Florida's offense might be difficult to grasp for some assistant coaches, but Loeffler said he has studied it for years and followed the success of coach Urban Meyer, from his days at Bowling Green, then at Utah and now at Florida.
Quarterbacks have raved about Loeffler's short stint with the Gators. Tebow was involved with picking the next quarterbacks coach after Dan Mullen left to take over at Mississippi State. Loeffler seemed like a perfect fit because of their prior relationship and his time in the NFL.
Florida signee Jordan Reed has already said good things about his new position coach and so has 2010 commit Trey Burton, who first met Loeffler during Florida's Junior Day two weekends ago. The two apparently hit it off.

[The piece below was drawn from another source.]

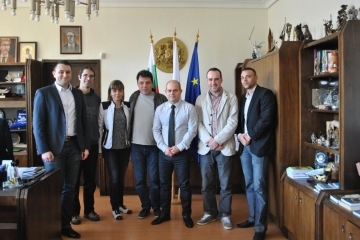 Кметът Пламен Стоилов се срещна със  създателите на клипа „We are happy from Ruse, Bulgaria”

When Tebow decided Michigan was not going to be the best fit for him and he and Loeffler parted on the recruiting trail, Loeffler told him that one day they would cross paths again. No one believed it would be only a few years later as Tebow looks to win three national titles in four years.
"It's an absolute privilege to be a part of this program but also to coach Timmy," Loeffler said. "I've watched Timmy Tebow since he was 15, watching him progress from a high school kid to a college player. His upside is going to get better. He'll make himself better. He's a rock star in every sense of the word. I'm just honored to coach him."
Meyer gave Loeffler just one bit of advice.
"Coach Meyer said, 'Just don't screw him up,' " Loeffler said. "So we'll try not to screw him up, that's for sure."